>>

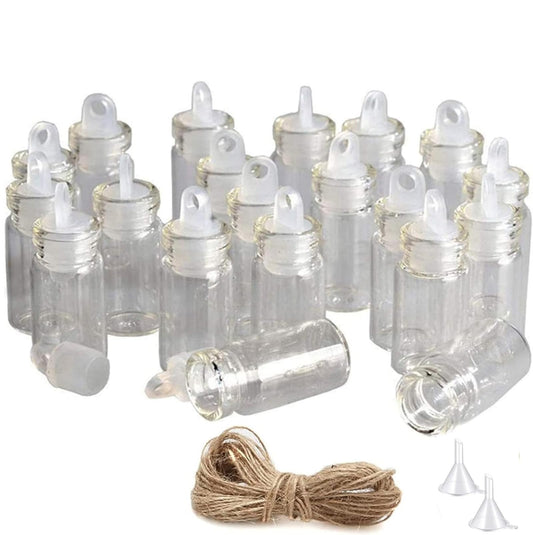 Minsily 100 Pcs 1ml Mini Small Glass Bottles with Plastic Stopper 20m Twines Clear Tiny Jar Small Glass Vials Wishing Bottle Charm Vials Arts Crafts Bottles DIY Decoration Wedding Party Favors Gifts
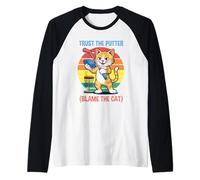 Trust The Putter Blame The Cat Funny Disc Golf Player Raglan Baseball Tee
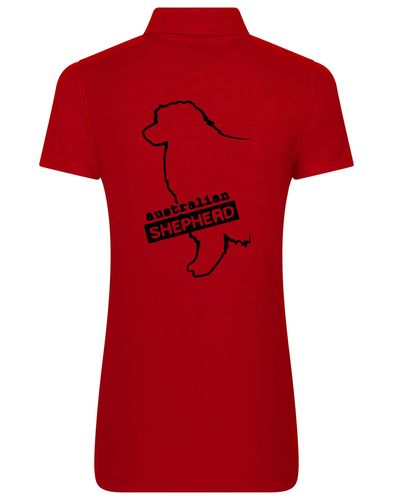 Female Australian Shepherd Polo Shirt Red (Black)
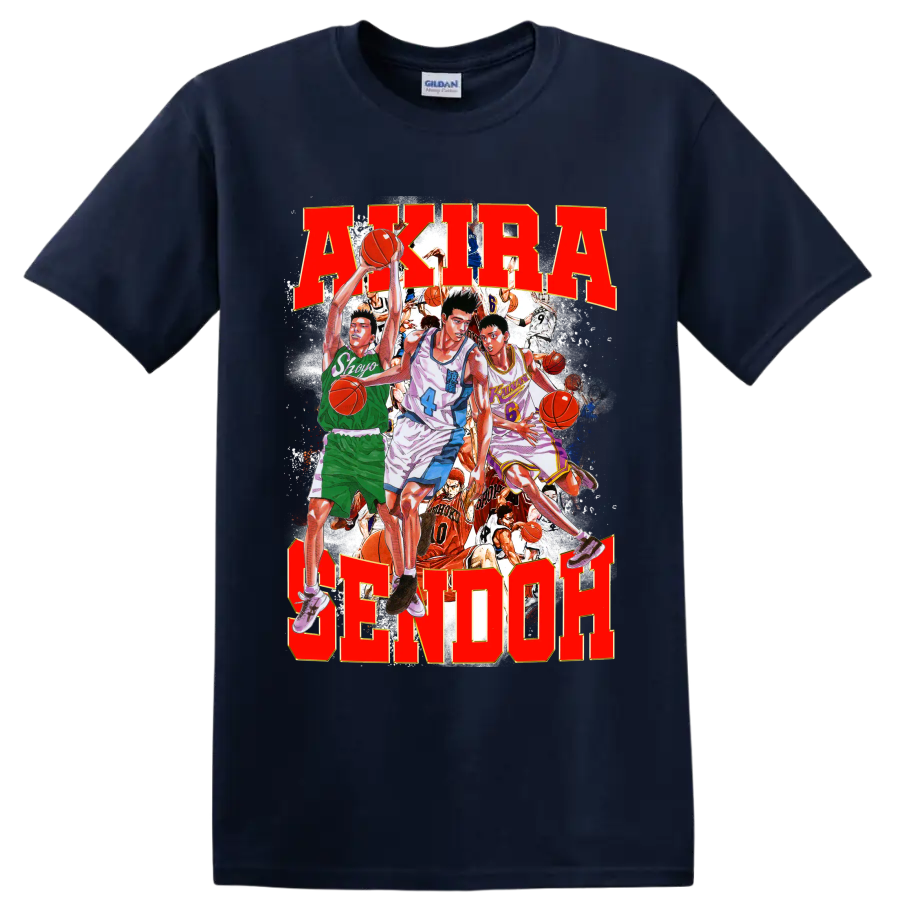 Slam Dunk manga collage with Sendoh, Fujima, Sakuragi and bold AKIRA SENDOH text on a Navy (Blue) T Shirt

<<

• EXERCISE BRIEF:
Extract the lines beginning with the one that contains "Female Australian Shepherd" and ending with the last line of the listing. Keep them exact and drop the pictures.

• EXERCISE RESPONSE:
 Female Australian Shepherd Polo Shirt Red (Black)
 Slam Dunk manga collage with Sendoh, Fujima, Sakuragi and bold AKIRA SENDOH text on a Navy (Blue) T Shirt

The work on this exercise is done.